Apple butter can be made from any in season apple variety. My particular favorite to use in my own apple butter are Cortland apples. They are not overly sweet, which makes it easy to play with the flavor profile. I always use the research based recipe and canning instructions for apple butter from the National Center on Food Preservation.

Sometimes I like to add a bit more cinnamon and maybe even a little ground ginger to my apple butter to give it a little more “kick” of flavor. Adding small amounts of dried spices to apple butter does not affect the acidity of the final product, so it remains safe to can and eat.

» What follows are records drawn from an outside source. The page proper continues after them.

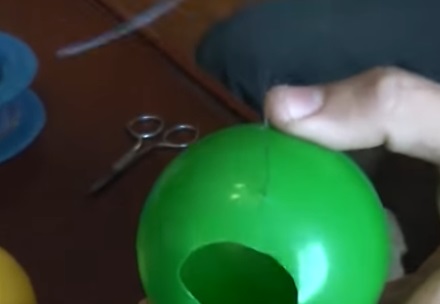 cach-lam-chau-hoa-treo-tu-qua-bong-nhua
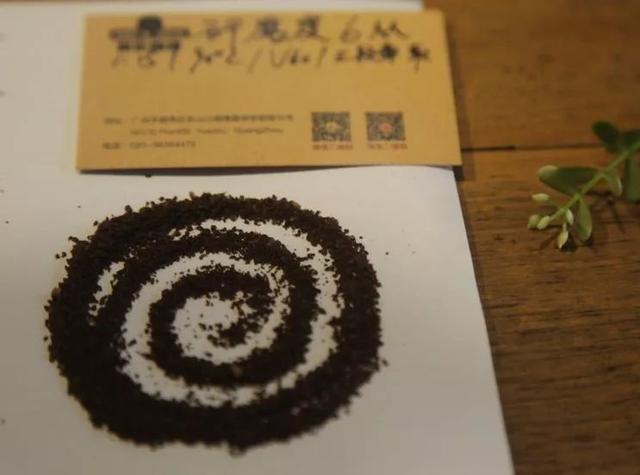 如何根据咖啡粉的不同粗细程度调整冲煮手法?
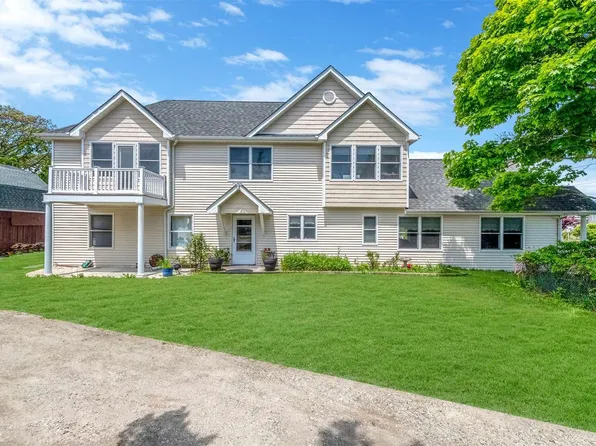 300 S Snedecor Ave, Bayport, NY 11705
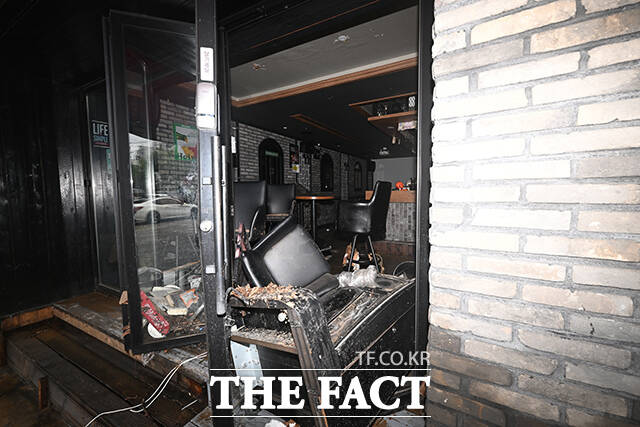 경상남도 거제시를 중심으로 기록적인 폭우가 내린 가운데 18일 오후 경남 거제시 옥포동 일대에서 주민들이 침수된 상가와 주택등에 쌓인 토사와 집기류를 치우며 수해 복구 작업을 하고 있다. /거제=김성렬 기자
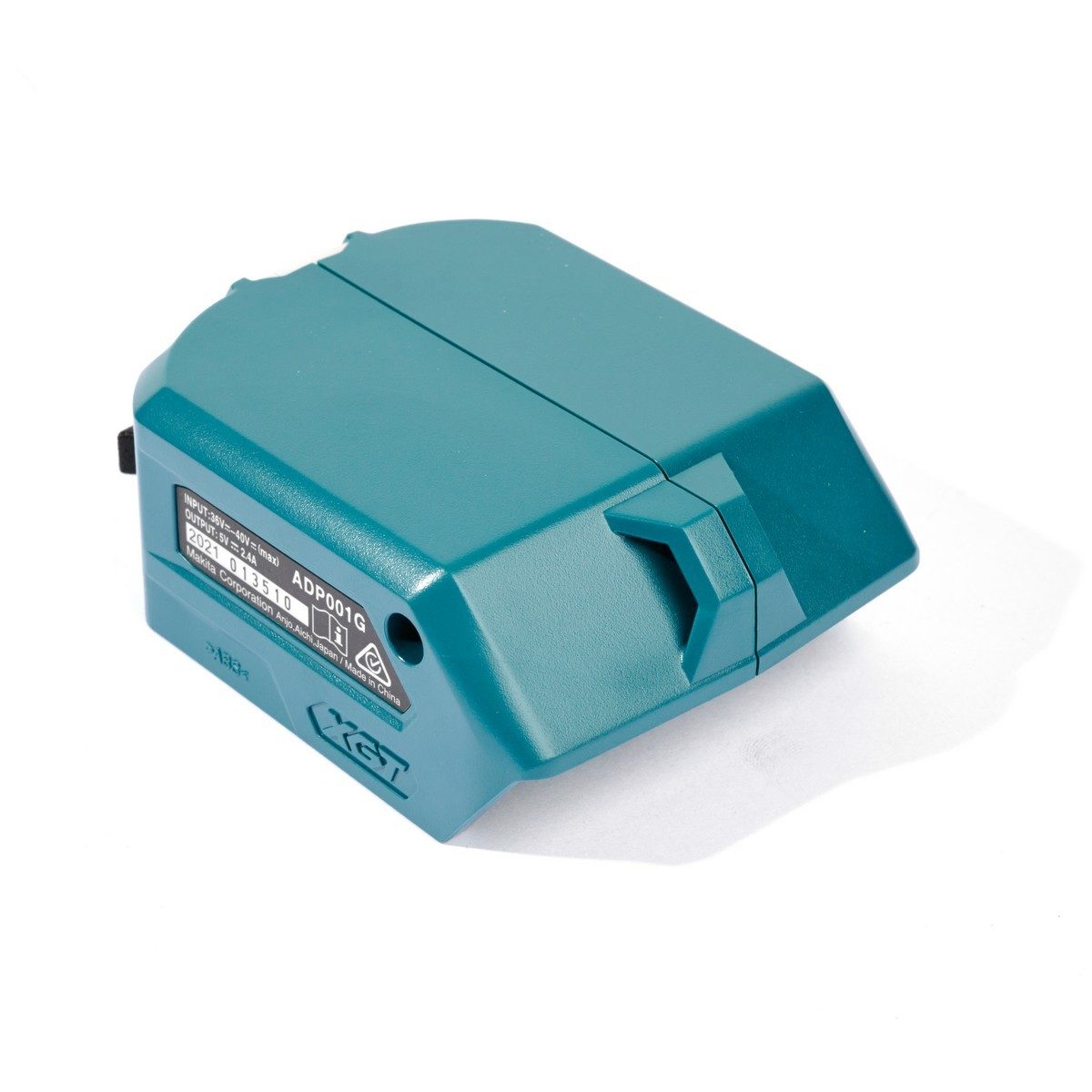 MAKITA ตัวแปลงไฟ USB สำหรับ LI-ION 40V มากีต้า รุ่น ADP001G ใช้กับแบตเตอรี่ 40VMAX รุ่น BL4040 และ BL4025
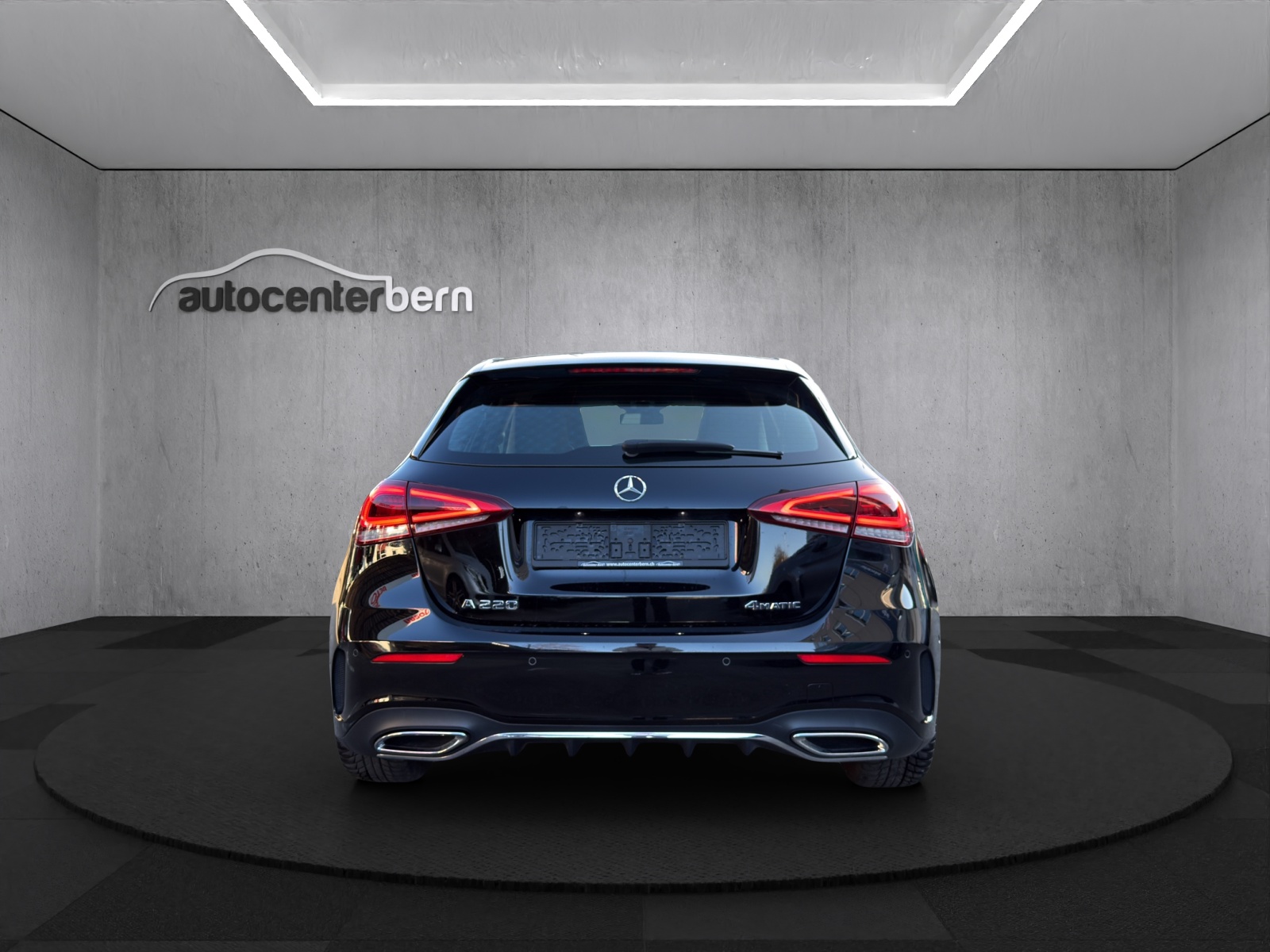 MERCEDES-BENZ A 220 AMG Line 7G-DCT 4Matic-image-5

Apple butter is extremely versatile due to its flavor profile and thick texture. After canning up a batch, you can set some jars aside for the holiday baking days ahead in anticipation of adding it to your breads, cookies, cakes, or pies. Looking for some new ways to flavor your pork? Add some apple butter to that pork loin! Needing a new sweet appetizer for that next holiday get together? Add your apple butter to a block of cream cheese, add in 1/2 cup of Greek yogurt. Blend until smooth. Then, voila! A scrumptious dip for a fruit platter.

On a busy workday morning, I’ll use apple butter as a delicious topper for English muffins, pancakes, and waffles—or (my personal favorite) topping French vanilla ice cream with a spoonful of apple butter. It gives me all the fresh baked apple pie taste without all the work and clean up.